Research Description

In China, a distinctive commercial trend has emerged in which young male celebrities and influencers are increasingly used to promote cosmetics, skincare, and even lingerie to female consumers. This growing reliance on male beauty influencers—often styled with soft, romanticised masculinity—has given rise to a new form of consumer engagement shaped by what is commonly referred to as the “female gaze.” In contrast to traditional marketing practices that objectify female bodies, this phenomenon reflects a shift in visual and affective attention toward the male body in commercial culture. The rise of male-led beauty livestreaming in China signals a significant transformation in how female desire and consumer participation are represented and enacted within digital marketplaces. Despite this shift, limited research has explored how the female gaze functions in non-Western digital contexts, particularly within the rapidly evolving ecosystem of Chinese livestreaming e-commerce. This research addresses this gap by examining how the female gaze is constructed, performed, and monetised in livestreaming environments. It draws on digital ethnographic methods—including walkthrough observations, screencast videography, social media analysis, and semi-structured interviews—and is structured around three peer-reviewed academic articles.
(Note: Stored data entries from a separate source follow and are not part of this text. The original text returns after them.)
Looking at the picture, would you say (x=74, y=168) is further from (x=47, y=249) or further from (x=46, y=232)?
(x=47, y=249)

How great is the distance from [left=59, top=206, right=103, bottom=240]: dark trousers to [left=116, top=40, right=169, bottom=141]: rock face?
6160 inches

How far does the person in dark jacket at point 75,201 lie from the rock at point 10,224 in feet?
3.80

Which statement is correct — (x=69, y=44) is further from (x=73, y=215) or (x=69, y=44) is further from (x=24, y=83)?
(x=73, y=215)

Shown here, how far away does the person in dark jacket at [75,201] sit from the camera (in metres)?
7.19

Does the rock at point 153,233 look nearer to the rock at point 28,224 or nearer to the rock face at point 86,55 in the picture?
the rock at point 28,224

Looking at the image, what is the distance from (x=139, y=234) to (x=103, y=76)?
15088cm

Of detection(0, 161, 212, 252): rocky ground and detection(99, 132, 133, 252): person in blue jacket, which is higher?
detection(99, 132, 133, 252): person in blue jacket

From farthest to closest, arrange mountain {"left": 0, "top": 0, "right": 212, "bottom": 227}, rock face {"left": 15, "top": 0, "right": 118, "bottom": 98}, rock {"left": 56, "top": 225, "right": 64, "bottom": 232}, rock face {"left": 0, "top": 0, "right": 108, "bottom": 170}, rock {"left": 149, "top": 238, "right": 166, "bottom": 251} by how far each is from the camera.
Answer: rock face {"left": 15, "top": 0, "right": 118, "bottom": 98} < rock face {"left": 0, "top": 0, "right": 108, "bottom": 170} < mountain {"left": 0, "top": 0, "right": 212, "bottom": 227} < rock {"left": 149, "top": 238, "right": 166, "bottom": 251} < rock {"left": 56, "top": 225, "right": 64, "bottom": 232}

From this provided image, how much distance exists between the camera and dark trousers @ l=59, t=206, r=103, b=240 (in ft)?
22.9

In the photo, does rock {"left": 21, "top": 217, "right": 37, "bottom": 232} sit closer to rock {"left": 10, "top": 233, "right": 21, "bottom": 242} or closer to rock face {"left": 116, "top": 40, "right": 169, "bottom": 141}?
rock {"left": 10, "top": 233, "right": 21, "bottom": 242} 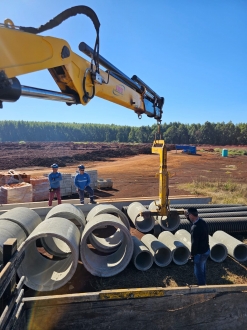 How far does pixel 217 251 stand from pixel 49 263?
4.00 meters

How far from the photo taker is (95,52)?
4750 millimetres

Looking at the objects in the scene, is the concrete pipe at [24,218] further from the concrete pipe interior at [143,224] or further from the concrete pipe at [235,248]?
the concrete pipe at [235,248]

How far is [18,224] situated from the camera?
5672mm

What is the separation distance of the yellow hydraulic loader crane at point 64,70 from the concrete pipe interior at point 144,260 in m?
1.01

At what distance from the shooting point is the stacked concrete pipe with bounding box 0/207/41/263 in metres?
5.09

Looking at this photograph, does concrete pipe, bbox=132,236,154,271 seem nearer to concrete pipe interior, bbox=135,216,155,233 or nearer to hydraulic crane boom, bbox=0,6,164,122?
concrete pipe interior, bbox=135,216,155,233

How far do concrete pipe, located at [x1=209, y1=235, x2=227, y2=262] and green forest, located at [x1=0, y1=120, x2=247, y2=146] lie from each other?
54.6 m

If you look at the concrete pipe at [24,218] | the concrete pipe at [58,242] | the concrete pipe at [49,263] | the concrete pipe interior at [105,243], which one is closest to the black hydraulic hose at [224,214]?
the concrete pipe interior at [105,243]

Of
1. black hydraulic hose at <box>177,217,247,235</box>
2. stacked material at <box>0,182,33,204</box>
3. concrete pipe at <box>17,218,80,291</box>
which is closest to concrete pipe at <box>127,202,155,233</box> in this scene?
black hydraulic hose at <box>177,217,247,235</box>

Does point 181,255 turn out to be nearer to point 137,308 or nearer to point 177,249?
point 177,249

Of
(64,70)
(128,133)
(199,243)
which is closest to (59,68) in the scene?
(64,70)

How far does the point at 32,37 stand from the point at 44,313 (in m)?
3.81

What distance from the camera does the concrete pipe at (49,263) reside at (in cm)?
489

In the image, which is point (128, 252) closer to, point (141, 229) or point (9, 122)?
point (141, 229) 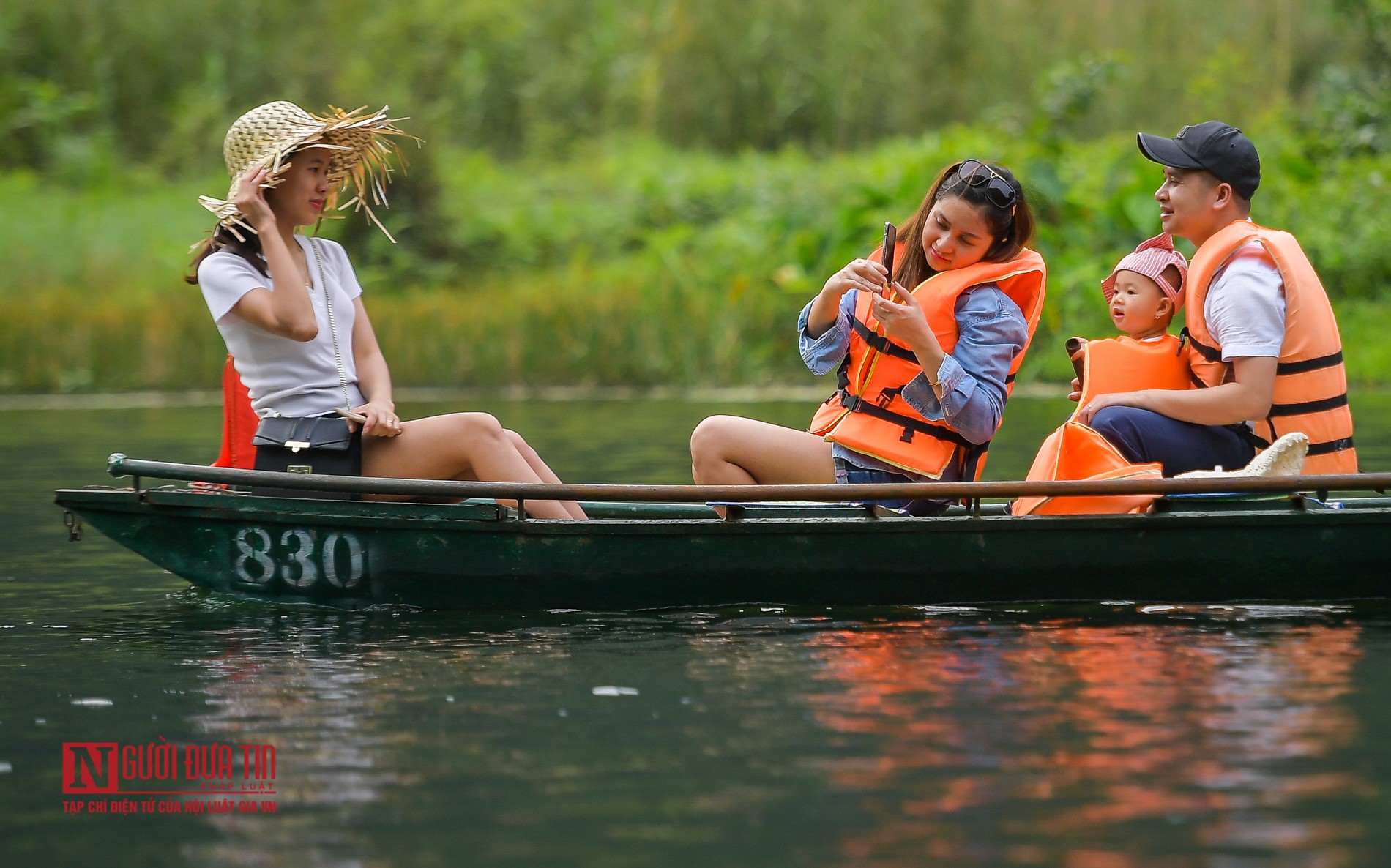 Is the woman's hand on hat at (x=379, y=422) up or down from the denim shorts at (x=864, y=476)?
up

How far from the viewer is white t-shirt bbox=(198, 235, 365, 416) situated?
4.46m

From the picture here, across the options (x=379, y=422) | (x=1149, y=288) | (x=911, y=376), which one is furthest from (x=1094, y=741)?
(x=379, y=422)

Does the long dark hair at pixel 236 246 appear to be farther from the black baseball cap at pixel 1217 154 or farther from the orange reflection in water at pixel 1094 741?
the black baseball cap at pixel 1217 154

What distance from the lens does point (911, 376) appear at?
4.37m

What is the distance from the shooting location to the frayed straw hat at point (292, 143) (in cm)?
451

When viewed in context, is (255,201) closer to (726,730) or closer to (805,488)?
(805,488)

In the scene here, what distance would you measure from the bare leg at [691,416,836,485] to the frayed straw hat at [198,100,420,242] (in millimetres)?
957

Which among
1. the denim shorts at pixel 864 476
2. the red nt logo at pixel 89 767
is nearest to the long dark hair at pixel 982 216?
the denim shorts at pixel 864 476

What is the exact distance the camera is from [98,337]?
1203cm

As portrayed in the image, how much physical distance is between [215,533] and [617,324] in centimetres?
761

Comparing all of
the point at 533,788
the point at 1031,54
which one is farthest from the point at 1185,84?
the point at 533,788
The first paper theorises the female gaze as an emerging commercial logic that reconfigures gender representation through soft masculinity and the Nan Se (男色) economy. The second paper investigates the backstage dynamics of livestreaming, focusing on female assistants who support male influencers. It conceptualises these relations among women as gendered human infrastructure whose contributions remain under-recognised, challenging simplified narratives of female empowerment. The third paper examines how female consumers engage with and co-create value in livestreaming communities, highlighting how status, loyalty, and emotional labour shape their participation. Together, these studies provide a nuanced account of how commercial gender performances are negotiated and consumed by women in digital China, offering new insights into evolving gender dynamics in global consumer culture.

Key words: The female gaze, gendered power dynamics, influencer culture, collaborative live-streaming e-commerce, non-Western consumer culture.